Intelligence & Representation:
Models of the world in natural and artificial systems
Program Overview • Dates & Times • Tuition & Fees • Program Goals • Venue • Faculty • Audience • Application Requirements
Program Overview
How do living systems encode reality?
The study of the representation of the world in the service of strategic goals using mechanisms of inference has been the subject of intelligence research for several centuries.
When George Romanes wrote his foundational monograph on Animal Intelligence in 1884 he sought to place intelligence squarely in a comparative Darwinian framework, concluding that “Wherever we find an animal able to do this, we have the same right to predicate mind as existing in such an animal that we have to predicate it as existing in any human being other than ourselves”.
In the twentieth century the study of intelligence was dominated by consideration of the special character of the human species. Binet’s research on the IQ, Cattell’s investigations of ability, and the growing dependence on analytical tasks to include language, mathematics and puzzles – from Chomsky to Simon - moved the study of intelligence away from the larger questions of strategic representation towards rather small corners of human activity.
Moreover the field has contracted into an almost exclusive emphasis on inference, to include reinforcement learning, Bayesian updating, and most recently, a veritable zoo of gradient-based approaches to training classifiers and neural networks. Questions of collective intelligence, how the brain-mind-culture nexus is developed, and the larger domain of inquiries into the nature of representation have been relatively neglected.
In parallel to developments in the mind and brain sciences, historians, philosophers, humanists and artists have explored turning points and revolutions in our representation of reality. From our formal representation of form in art from perspective to iconology (e.g Panofsky), the representations of time in mechanics (e.g Galison) and narrative (e.g. Jakobson), and the question of realism and abstraction in art (e.g. Miller).
This school seeks to place the study of representation at the center of questions of intelligence. Analyzing and extending modern empirical and mathematical theories of representation are at its core. Profound work in the humanities will also be included to both inform and extend the analysis.
There are also social and ethical implications of this inquiry into the representational dimensions of intelligence.
As human society becomes increasingly reliant on AI to augment our cognitive capacities and simultaneously attentive to identifying intelligence in other species or lifeforms, progress in these areas requires a consilient definition of intelligence. At the center of this challenge is the special role that understanding plays in human intelligence and the role that it will play in larger collective and hybrid settings. How can we speak of fairness and justice without an understanding of what this means in a hybrid intelligence?
We need to move beyond human-centric qualifications toward a more nuanced and pluralistic understanding of how diverse systems represent and select among the breadth of possible rules by which to solve problems. An understanding of intelligence should be able to extend across scales – from neural circuits underlying sensory encodings in the brain to the psychology of learning and memory – and across domains – from AI forms of representation to philosophical and artistic facets of knowledge.

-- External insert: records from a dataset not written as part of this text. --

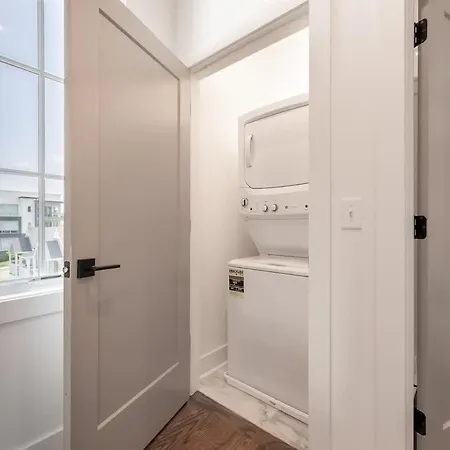 Two Side By Side Homes - Min To Vandy 3min To Bars * Nashville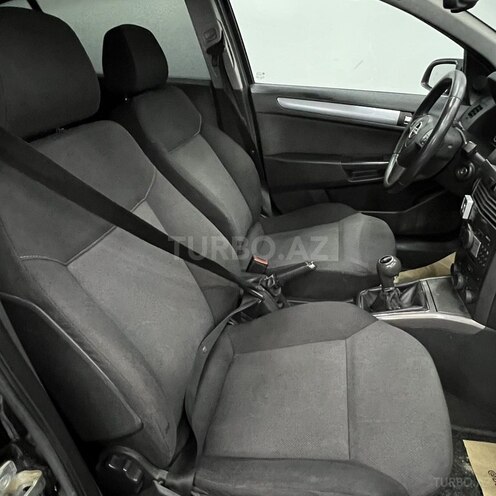Opel Astra-8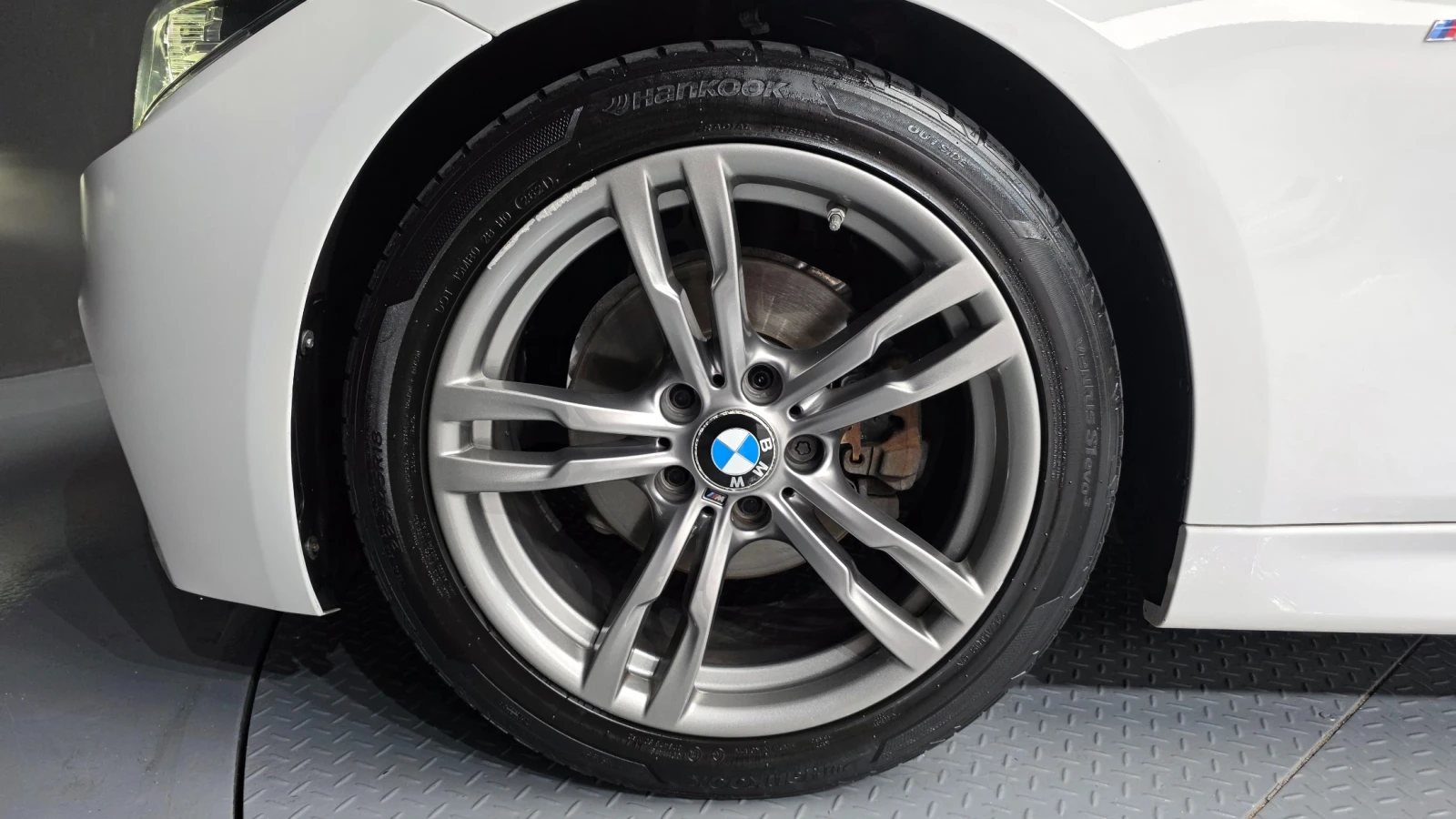 BMW 320 | М ПАКЕТ | HUD | ШИБИДАХ |  , снимка 5 - Автомобили и джипове - 55187781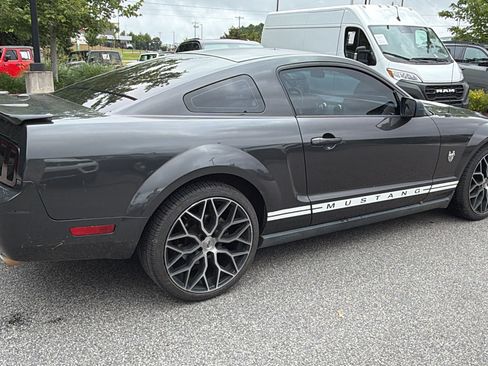 Used 2009 Ford Mustang Coupe RWD image 8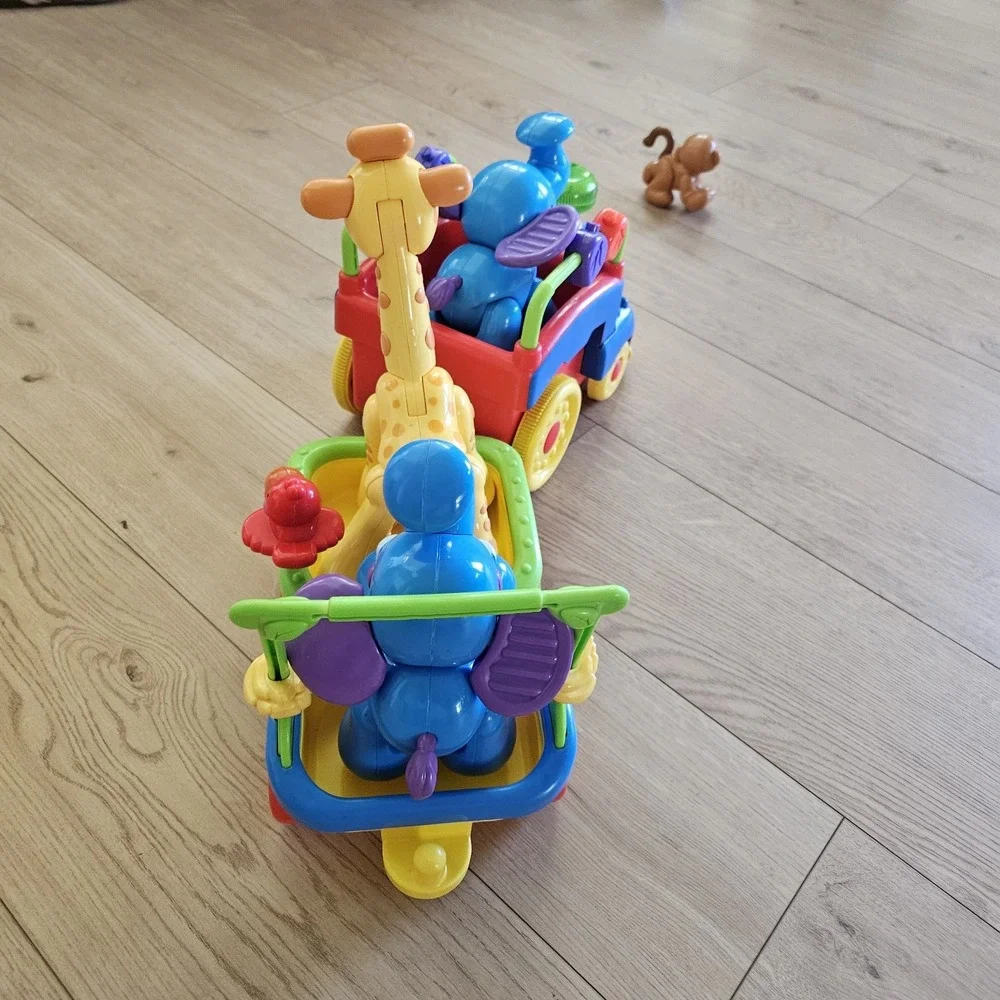 Vtg Fisher-Price Amazing Animals Sing & Go Choo-Choo (Discontinued) Toy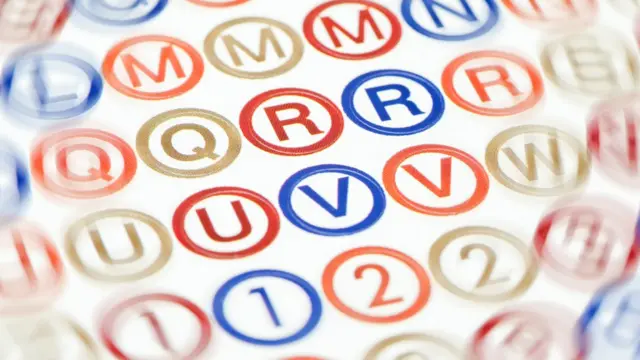 Una cartilla que muestra letras que empiezan a hacerse borrosas.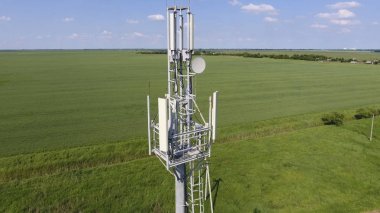 Hücresel kule. Hücresel ve telefon sinyal aktarımı için ekipman. Yukarı ve aşağı uçmak.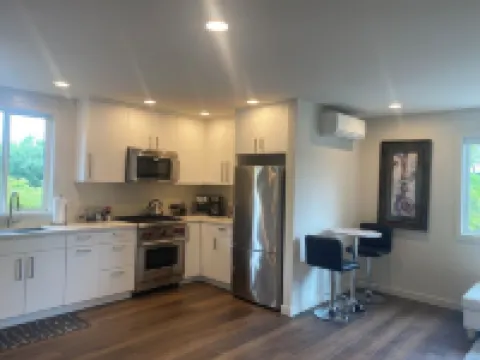 Contemporary One Bedroom Oasis in Downtown Kirkland Hotels in Kirkland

The challenge is considerable, but without including diverse communities it is bound to become too narrow and parochial.
Ph.D. students are invited to spend two weeks, among an international cohort of students and faculty, addressing key open questions and challenges in understanding intelligence and the nature of representation. A broad historical context will frame the inquiry within humanistic and quantitative perspectives. A key element of this school is to give the same weight to the origin or creation of representations and coding as is given to matters of inference.
The curriculum will combine lectures, workshops, reading groups, and formal and informal discussion. Bringing together perspectives from neuroscience, mathematics, computation, arts, and philosophy, among others, students and faculty will explore natural and artificial intelligences. Specific topics to be covered include: brain and cognition, definitions of intelligence, and knowledge systems. Workshops and group work will provide deeper experience with key questions and challenges and a range of approaches by which to address these. In addition to acquiring skills to use in their own research, students will grow their global scientific network and experience the research culture of the EU-UK.
This program is a partnership between the Santa Fe Institute and the Max Planck Institute for Mathematics in the Sciences and Hamburg University of Technology (Germany), Complexity Science Hub Vienna (Austria), Quantitative Life Sciences, International Center for Theoretical Physics (Italy), and Institute for Advanced Studies, University of Amsterdam (Netherlands). In 2023, the program is generously hosted by the Isaac Newton Institute for Mathematical Sciences.
Dates & Times
August 13 – August 25, 2023, plus travel days.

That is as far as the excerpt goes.